:: Source data ::
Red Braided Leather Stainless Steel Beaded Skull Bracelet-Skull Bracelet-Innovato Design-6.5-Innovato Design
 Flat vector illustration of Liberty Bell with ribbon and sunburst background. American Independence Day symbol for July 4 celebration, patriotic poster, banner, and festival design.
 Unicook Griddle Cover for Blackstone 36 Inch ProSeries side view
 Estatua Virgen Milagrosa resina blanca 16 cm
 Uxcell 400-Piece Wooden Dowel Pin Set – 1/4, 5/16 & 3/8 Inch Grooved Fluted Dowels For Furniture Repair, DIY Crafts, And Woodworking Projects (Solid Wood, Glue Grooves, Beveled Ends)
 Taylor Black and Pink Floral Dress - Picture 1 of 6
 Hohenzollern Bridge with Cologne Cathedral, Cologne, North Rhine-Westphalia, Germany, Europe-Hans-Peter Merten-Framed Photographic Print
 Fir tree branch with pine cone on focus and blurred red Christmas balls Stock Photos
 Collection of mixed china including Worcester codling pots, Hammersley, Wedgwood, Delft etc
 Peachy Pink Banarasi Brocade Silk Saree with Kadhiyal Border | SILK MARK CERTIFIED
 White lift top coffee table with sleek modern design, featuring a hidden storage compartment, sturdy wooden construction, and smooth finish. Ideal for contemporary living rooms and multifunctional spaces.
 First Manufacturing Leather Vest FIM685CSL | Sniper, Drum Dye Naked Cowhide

:: Task description ::
Retype all the data, keeping every character the same.

:: Completed task ::
Red Braided Leather Stainless Steel Beaded Skull Bracelet-Skull Bracelet-Innovato Design-6.5-Innovato Design
 Flat vector illustration of Liberty Bell with ribbon and sunburst background. American Independence Day symbol for July 4 celebration, patriotic poster, banner, and festival design.
 Unicook Griddle Cover for Blackstone 36 Inch ProSeries side view
 Estatua Virgen Milagrosa resina blanca 16 cm
 Uxcell 400-Piece Wooden Dowel Pin Set – 1/4, 5/16 & 3/8 Inch Grooved Fluted Dowels For Furniture Repair, DIY Crafts, And Woodworking Projects (Solid Wood, Glue Grooves, Beveled Ends)
 Taylor Black and Pink Floral Dress - Picture 1 of 6
 Hohenzollern Bridge with Cologne Cathedral, Cologne, North Rhine-Westphalia, Germany, Europe-Hans-Peter Merten-Framed Photographic Print
 Fir tree branch with pine cone on focus and blurred red Christmas balls Stock Photos
 Collection of mixed china including Worcester codling pots, Hammersley, Wedgwood, Delft etc
 Peachy Pink Banarasi Brocade Silk Saree with Kadhiyal Border | SILK MARK CERTIFIED
 White lift top coffee table with sleek modern design, featuring a hidden storage compartment, sturdy wooden construction, and smooth finish. Ideal for contemporary living rooms and multifunctional spaces.
 First Manufacturing Leather Vest FIM685CSL | Sniper, Drum Dye Naked Cowhide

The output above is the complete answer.